Given information Block Start

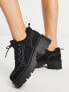 Фото #3 товара ASOS DESIGN Mattie square toe chunky lace up shoes in black canvas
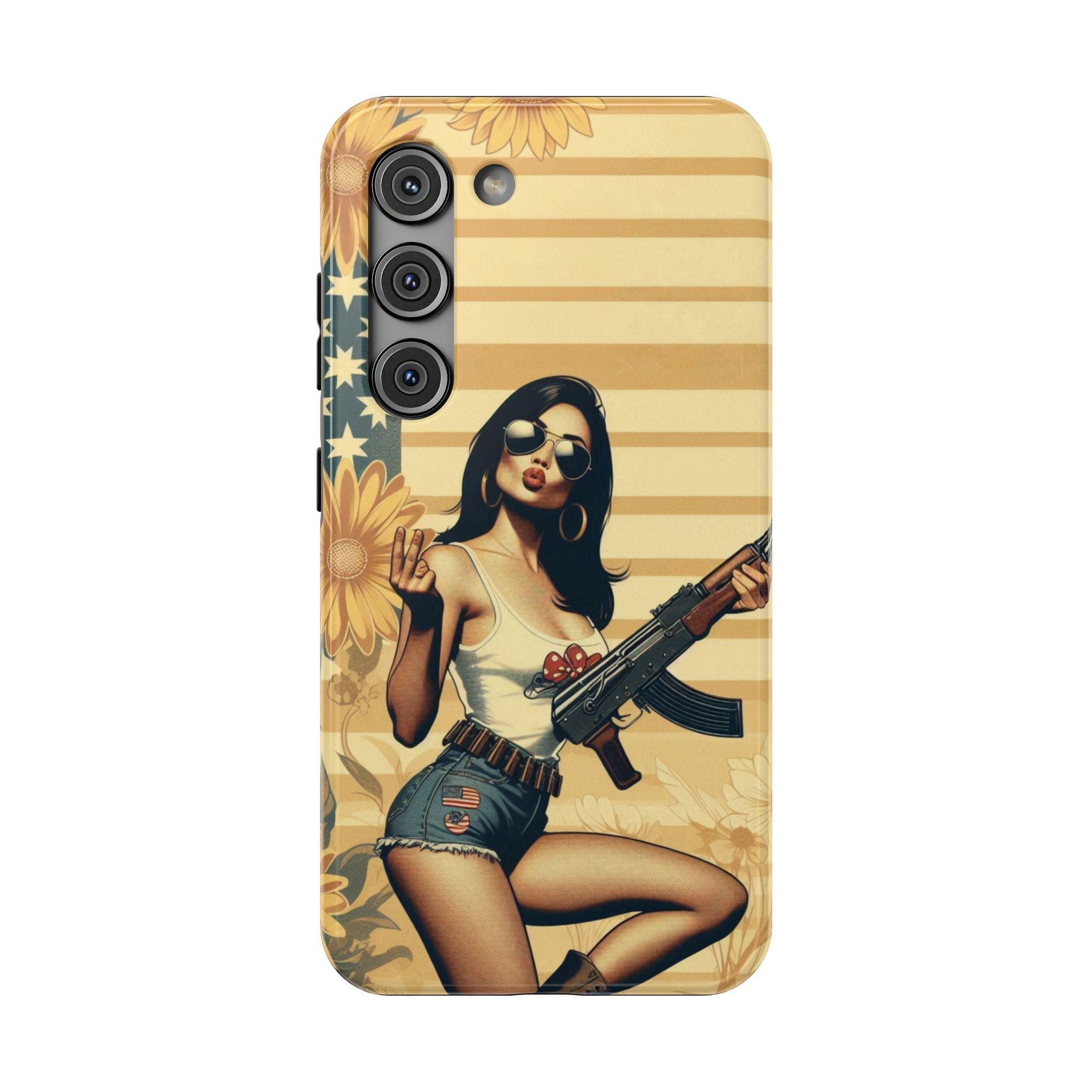 Americana AK-47 Pinup Girl - Impact‑Resistant Phone Case   Samsung Galaxy Series S22 / S22+ / S22 Ultra - S25 / S25+ / S25 Ultra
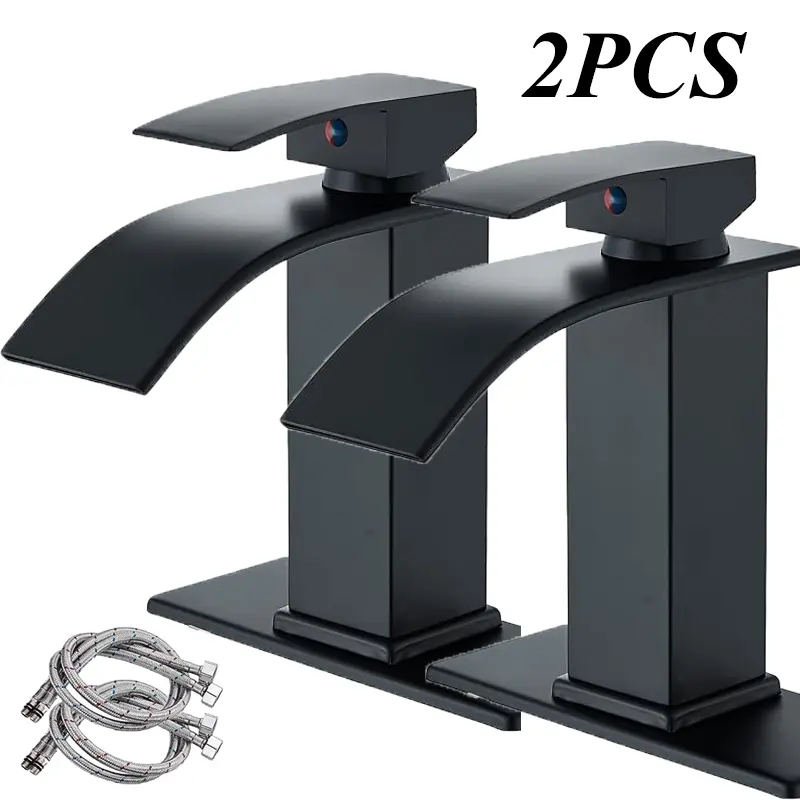 2PCS Luxury Waterfall Bathroom Sink Faucet, Single Handle Mixing Hot Cold 3 Holes Vanity Basin Faucet Mixer Tap, Modern Countertop Lavatory Tap for Hotel Home Bathroom Renovation, 4 Finishes Optional Matte Black/Chrome/Brushed Nickel/Brushed Gold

Given information Block End

The required output is the listing above reproduced exactly, pictures removed.

 Фото #3 товара ASOS DESIGN Mattie square toe chunky lace up shoes in black canvas
 Americana AK-47 Pinup Girl - Impact‑Resistant Phone Case   Samsung Galaxy Series S22 / S22+ / S22 Ultra - S25 / S25+ / S25 Ultra
 2PCS Luxury Waterfall Bathroom Sink Faucet, Single Handle Mixing Hot Cold 3 Holes Vanity Basin Faucet Mixer Tap, Modern Countertop Lavatory Tap for Hotel Home Bathroom Renovation, 4 Finishes Optional Matte Black/Chrome/Brushed Nickel/Brushed Gold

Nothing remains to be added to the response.